| DATA FOR PROCESSING |
________________

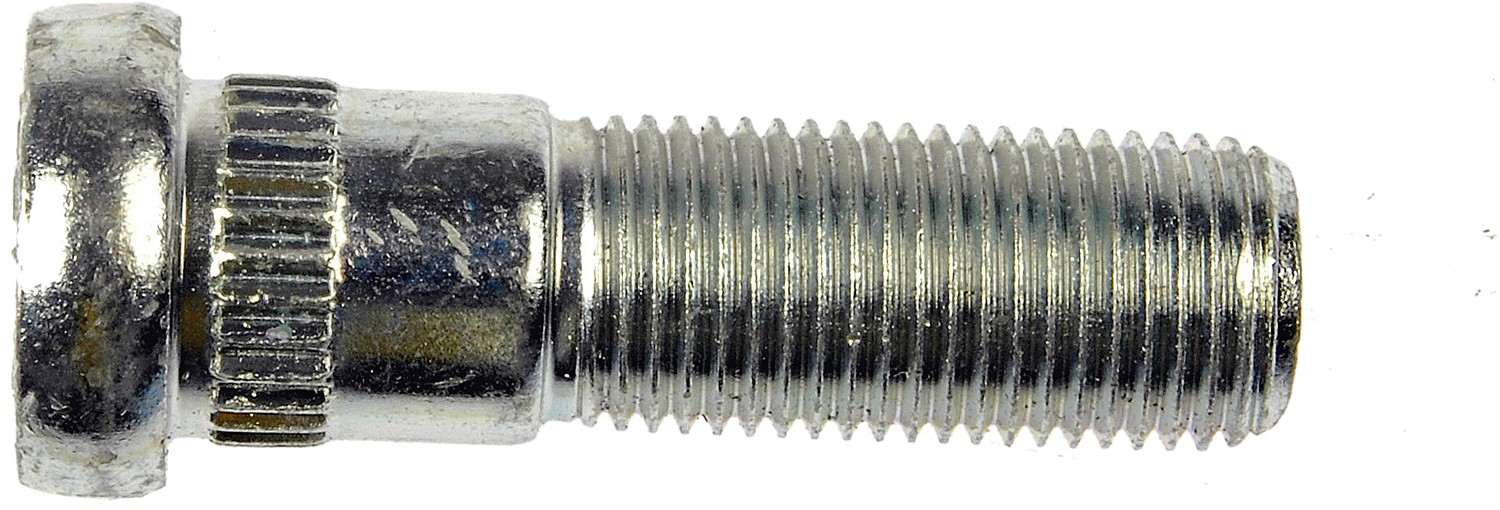 Dorman - Autograde WHEEL BOLT 610-236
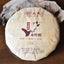 HelloYoung Mengku Rongshi Lincang Shu Puer Mu Ye Chun 3 Yr Aged Pu'er Ripe Puerh 357g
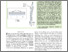 [thumbnail of 1231 Tilt paper 1 - manuscript version.pdf]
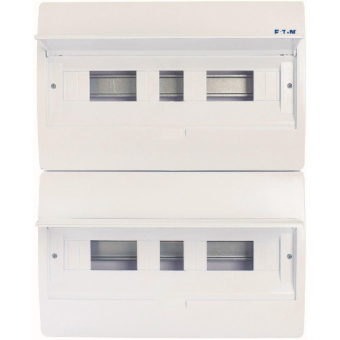 EATON BC-O-2/36-TW-ECO Ap         281694 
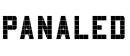 PANALED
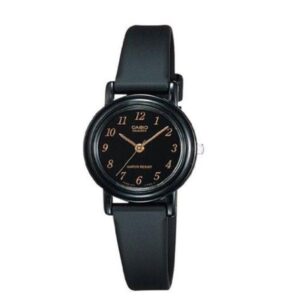 Reloj Casio Mujer LQ-139AMV-1LDF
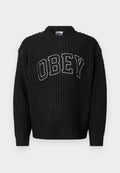 Obey Clothing COLLEGIATE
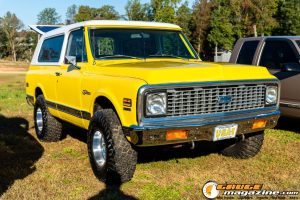 c10-fall-revival-302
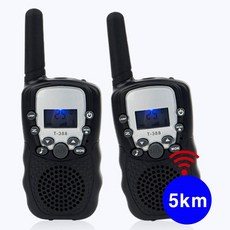 2e8440cd563b76bfa525a534878aef271307b01fda95c68ee82f579a6156.jpg
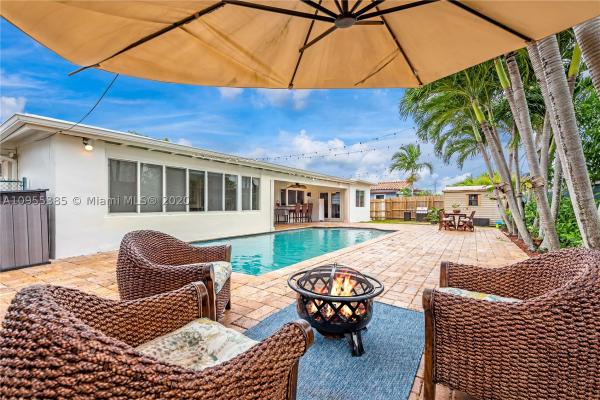 Westbrooke, 1805 SW 101st Ave, University Park, Florida 33165, image 3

________________

| YOUR TASK |
Transcribe the listing in full. Leave the pictures out.

| THE ANSWER |
 Dorman - Autograde WHEEL BOLT 610-236
 HelloYoung Mengku Rongshi Lincang Shu Puer Mu Ye Chun 3 Yr Aged Pu'er Ripe Puerh 357g
 [thumbnail of 1231 Tilt paper 1 - manuscript version.pdf]
 EATON BC-O-2/36-TW-ECO Ap         281694 
 PANALED
 Reloj Casio Mujer LQ-139AMV-1LDF
 Obey Clothing COLLEGIATE
 c10-fall-revival-302
 2e8440cd563b76bfa525a534878aef271307b01fda95c68ee82f579a6156.jpg
 Westbrooke, 1805 SW 101st Ave, University Park, Florida 33165, image 3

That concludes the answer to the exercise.